Dans ce cas, il y a eu formation. Le hic, c'est que les cours se sont déroulés pendant les pauses et aux heures de repas. " Ces formations ont été très rapides et elles ont créé beaucoup d'anxiété sur un personnel déjà surchargé ", déplore M. Legendre.

L'ergonome Pierre-Yves Therriault ajoute : " En informatique, les travailleurs deviennent au service de la technologie et non l'inverse. Dans plusieurs cas, c'est même la puissance de leurs outils informatiques qui indiquent leur statut dans l'entreprise ", dit-il.

À peine un logiciel est-il maîtrisé qu'une nouvelle version apparaît. " Les travailleurs en viennent à se sentir toujours incompétents.
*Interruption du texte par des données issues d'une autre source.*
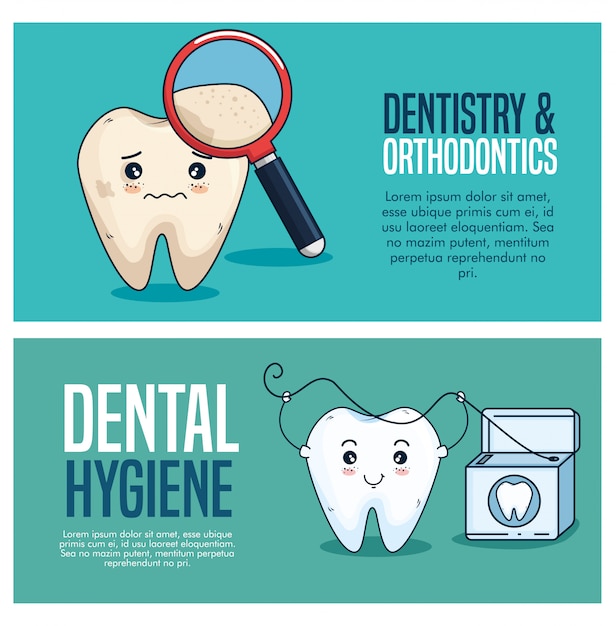 Free vector set tooth care treatment with magnifying glass and dental floss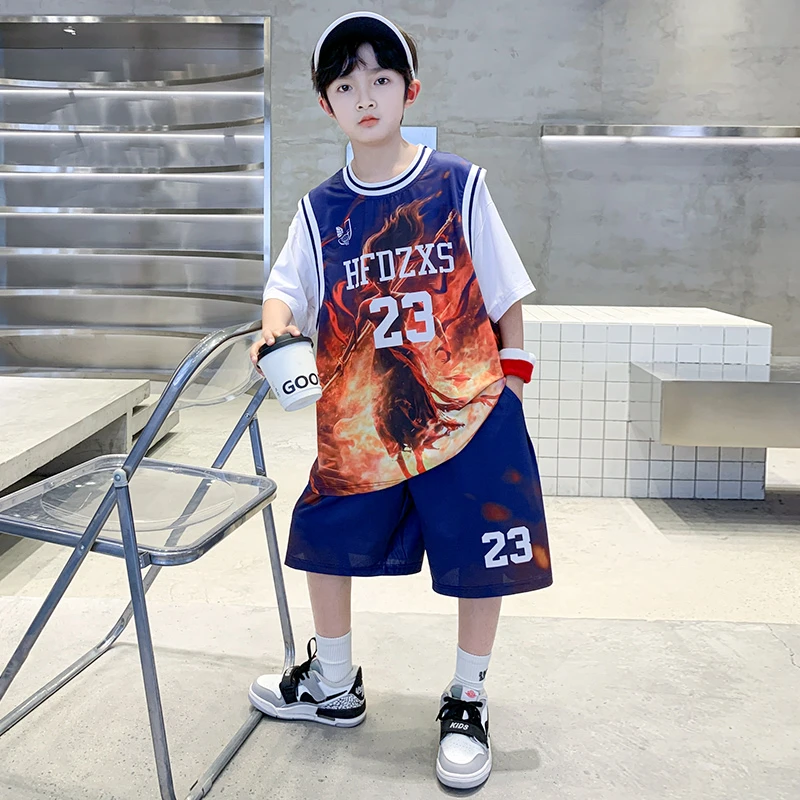 男童篮球服运动套装夏季帅气时髦2025新款大儿童速干短袖男孩夏装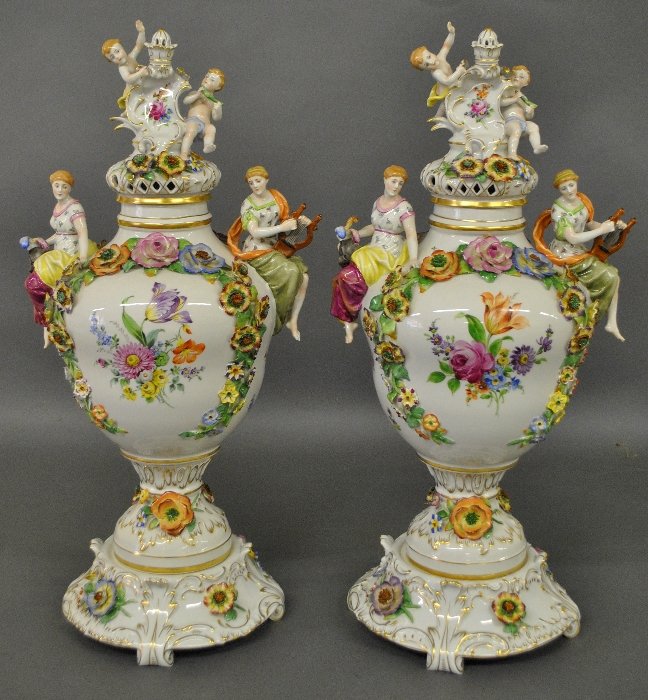 Pair of porcelain covered urns, 20th c., by Van (1 of 2)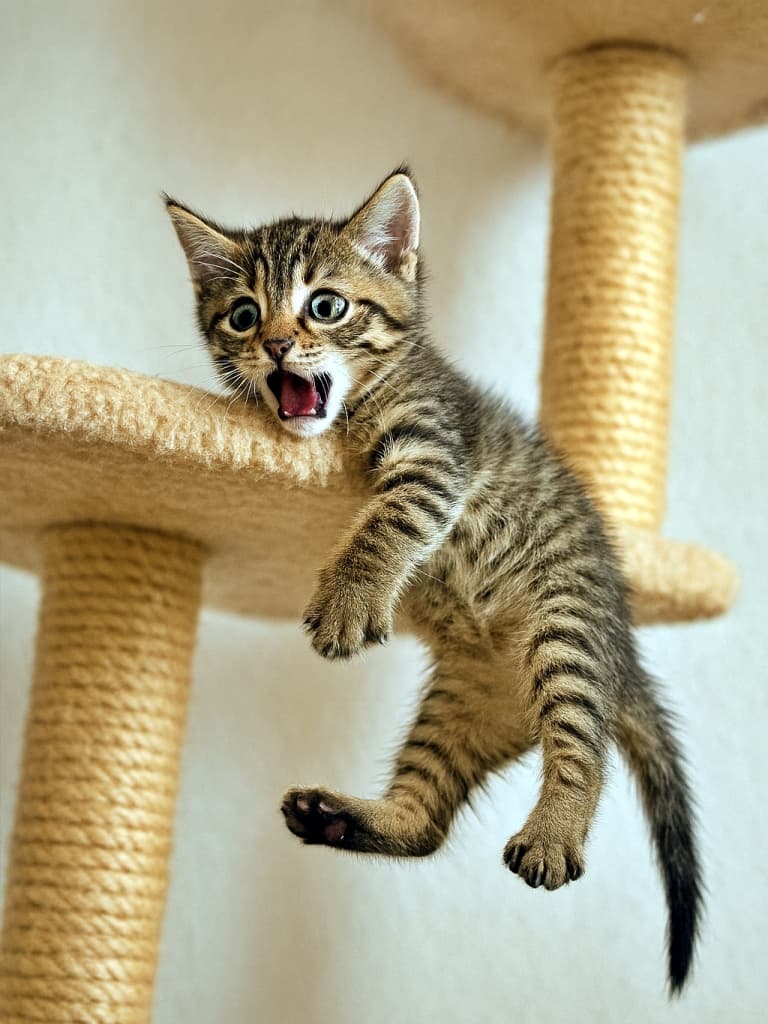 「ちょっ…待ってニャ!落ちる寸前の大ピンチ、必死の片手ぶらさがり!」A tabby kitten with wide eyes and open mouth clings to the edge of a cat tower platform, one paw gripping tightly while the rest of its body dangles midair in a comical panic. タビー柄の子猫がキャットタワーの端に必死でしがみつき、片方の前足だけでぶら下がりながら、驚いた顔で下を見ているユーモラスな瞬間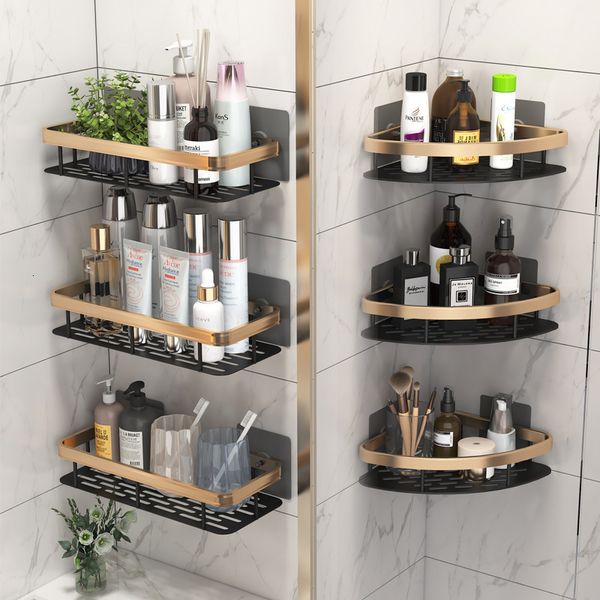 Bathroom Shelves Bathroom Corner Shelf No Drill Shower Storage Rack Wall Mounted Type Shampoo Cosmetics Holder Rustproof Bathroom Accessorie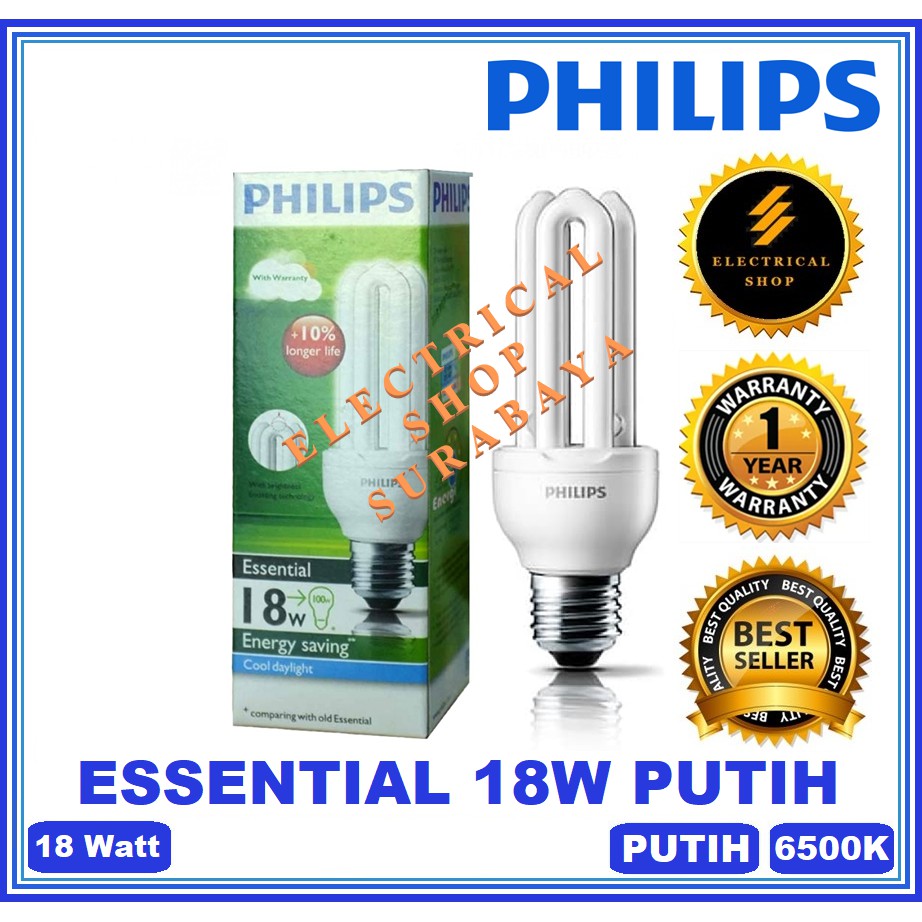 PHILIPS LAMPU ESSENTIAL 18W 18 WATT PUTIH (HARGA GROSIR &amp; GARANSI) JARI CDL PROMO MURAH ORIGINAL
Ils sont toujours perdants, aux prises avec une technologie qui ne peut pas se tromper et qui incapable de corriger ses erreurs... ", dit-il.

Le message de Pierre-Yves Therriault en direction des organisations est simple : " Il faut intégrer les travailleurs au processus de transformation et leur laisser un droit de regard dans le choix de leurs outils plutôt que d'écouter des vendeurs ", dit-il.

Son expérience lui permet même d'affirmer qu'une telle approche pourrait générer de vraies économies. " Lorsque je suis invité à régler des problèmes dans les espaces à bureaux, il m'arrive régulièrement d'enlever des choses, rarement d'en ajouter ", dit-il.